Task to complete – What you return should be the full listing, copied exactly and stripped of its pictures.

Collected data –
•••••

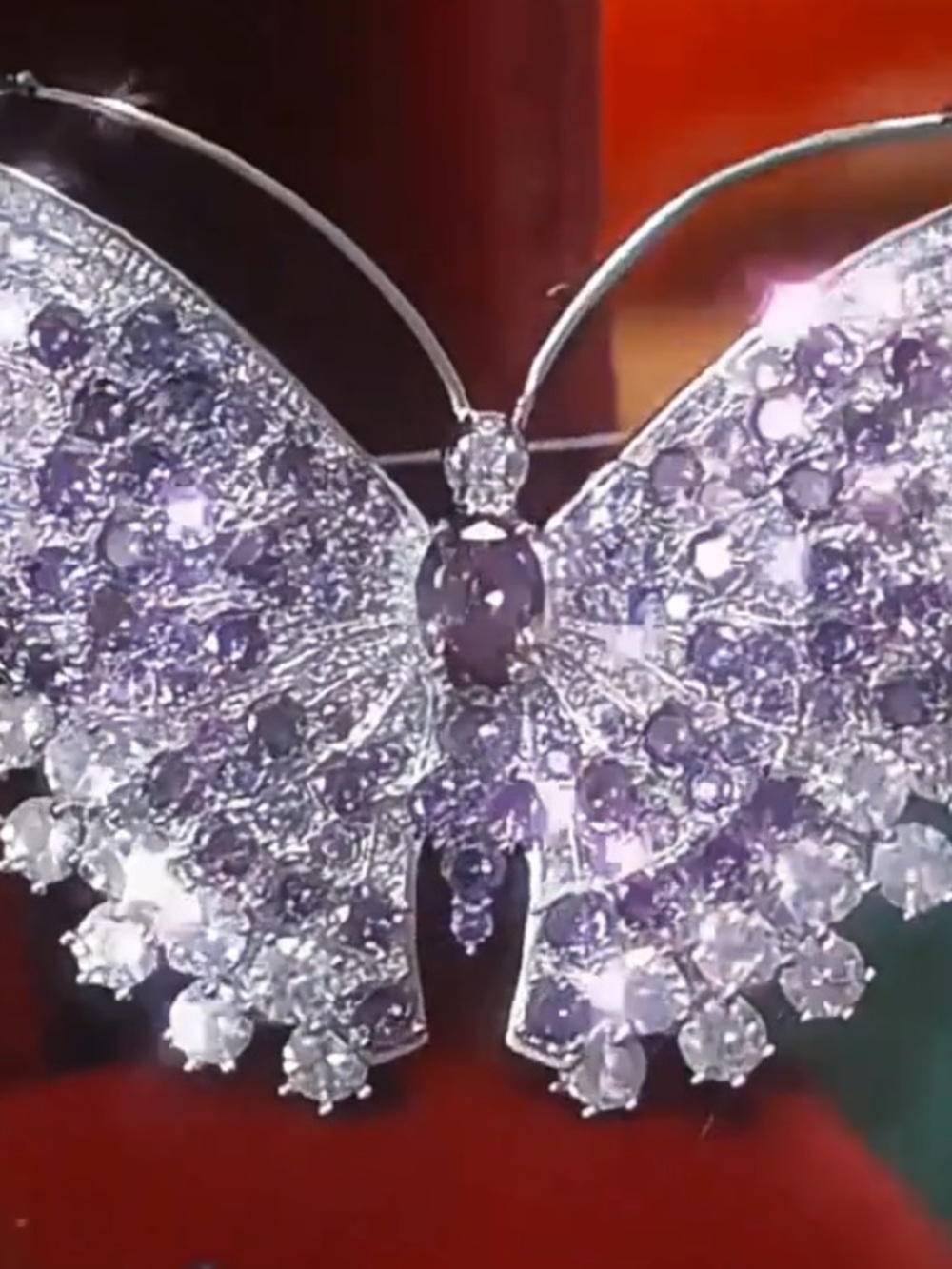 Purple Crystal Butterfly Brooch - Elegant Vintage Style Pin - Picture 8 of 9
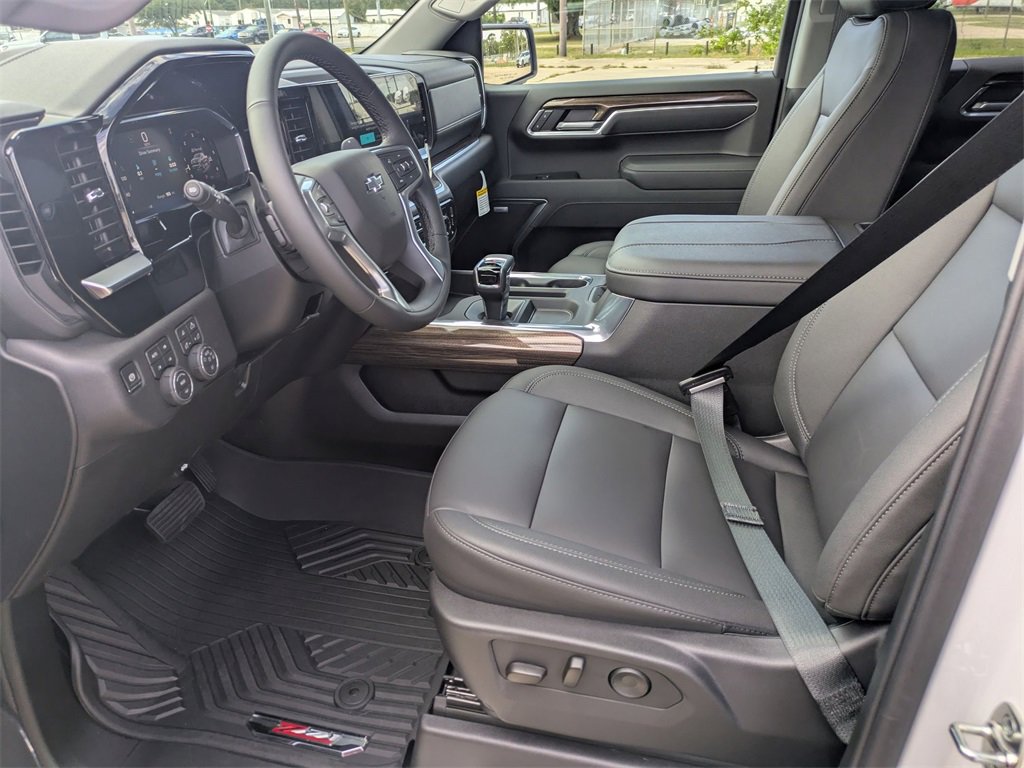 New 2026 Chevrolet Silverado 1500 RST w/ RST All Star Premium Package image 11
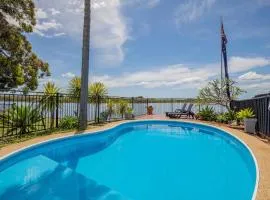 Ludford Lakefront & Beachside Retreat for Groups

•••••

Output for this exercise –
 Purple Crystal Butterfly Brooch - Elegant Vintage Style Pin - Picture 8 of 9
 New 2026 Chevrolet Silverado 1500 RST w/ RST All Star Premium Package image 11
 Ludford Lakefront & Beachside Retreat for Groups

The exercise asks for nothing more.